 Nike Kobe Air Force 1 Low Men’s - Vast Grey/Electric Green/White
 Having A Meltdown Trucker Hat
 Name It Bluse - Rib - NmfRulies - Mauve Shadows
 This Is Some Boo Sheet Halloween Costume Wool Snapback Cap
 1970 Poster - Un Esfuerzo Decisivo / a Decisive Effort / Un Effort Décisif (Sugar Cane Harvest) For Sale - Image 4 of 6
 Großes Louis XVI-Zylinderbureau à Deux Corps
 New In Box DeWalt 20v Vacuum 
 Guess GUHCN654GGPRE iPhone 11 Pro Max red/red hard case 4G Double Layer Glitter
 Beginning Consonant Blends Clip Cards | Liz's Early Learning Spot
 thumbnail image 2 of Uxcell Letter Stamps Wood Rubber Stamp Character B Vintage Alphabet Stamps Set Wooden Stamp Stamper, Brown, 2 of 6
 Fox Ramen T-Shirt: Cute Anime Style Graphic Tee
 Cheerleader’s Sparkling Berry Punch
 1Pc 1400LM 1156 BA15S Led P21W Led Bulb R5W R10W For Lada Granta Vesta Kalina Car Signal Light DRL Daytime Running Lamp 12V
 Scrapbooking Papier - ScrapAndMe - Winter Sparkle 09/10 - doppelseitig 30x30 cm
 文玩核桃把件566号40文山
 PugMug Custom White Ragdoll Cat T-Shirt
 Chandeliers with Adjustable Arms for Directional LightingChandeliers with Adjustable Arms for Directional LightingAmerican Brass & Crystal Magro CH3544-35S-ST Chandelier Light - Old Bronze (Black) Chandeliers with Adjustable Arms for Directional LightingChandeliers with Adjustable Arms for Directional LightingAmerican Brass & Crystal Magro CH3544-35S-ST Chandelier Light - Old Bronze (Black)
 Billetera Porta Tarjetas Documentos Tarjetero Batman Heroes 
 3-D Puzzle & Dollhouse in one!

_What you will do:_ The records above are to be set down again exactly as written.

_Exercise solution:_
 Nike Kobe Air Force 1 Low Men’s - Vast Grey/Electric Green/White
 Having A Meltdown Trucker Hat
 Name It Bluse - Rib - NmfRulies - Mauve Shadows
 This Is Some Boo Sheet Halloween Costume Wool Snapback Cap
 1970 Poster - Un Esfuerzo Decisivo / a Decisive Effort / Un Effort Décisif (Sugar Cane Harvest) For Sale - Image 4 of 6
 Großes Louis XVI-Zylinderbureau à Deux Corps
 New In Box DeWalt 20v Vacuum 
 Guess GUHCN654GGPRE iPhone 11 Pro Max red/red hard case 4G Double Layer Glitter
 Beginning Consonant Blends Clip Cards | Liz's Early Learning Spot
 thumbnail image 2 of Uxcell Letter Stamps Wood Rubber Stamp Character B Vintage Alphabet Stamps Set Wooden Stamp Stamper, Brown, 2 of 6
 Fox Ramen T-Shirt: Cute Anime Style Graphic Tee
 Cheerleader’s Sparkling Berry Punch
 1Pc 1400LM 1156 BA15S Led P21W Led Bulb R5W R10W For Lada Granta Vesta Kalina Car Signal Light DRL Daytime Running Lamp 12V
 Scrapbooking Papier - ScrapAndMe - Winter Sparkle 09/10 - doppelseitig 30x30 cm
 文玩核桃把件566号40文山
 PugMug Custom White Ragdoll Cat T-Shirt
 Chandeliers with Adjustable Arms for Directional LightingChandeliers with Adjustable Arms for Directional LightingAmerican Brass & Crystal Magro CH3544-35S-ST Chandelier Light - Old Bronze (Black) Chandeliers with Adjustable Arms for Directional LightingChandeliers with Adjustable Arms for Directional LightingAmerican Brass & Crystal Magro CH3544-35S-ST Chandelier Light - Old Bronze (Black)
 Billetera Porta Tarjetas Documentos Tarjetero Batman Heroes 
 3-D Puzzle & Dollhouse in one!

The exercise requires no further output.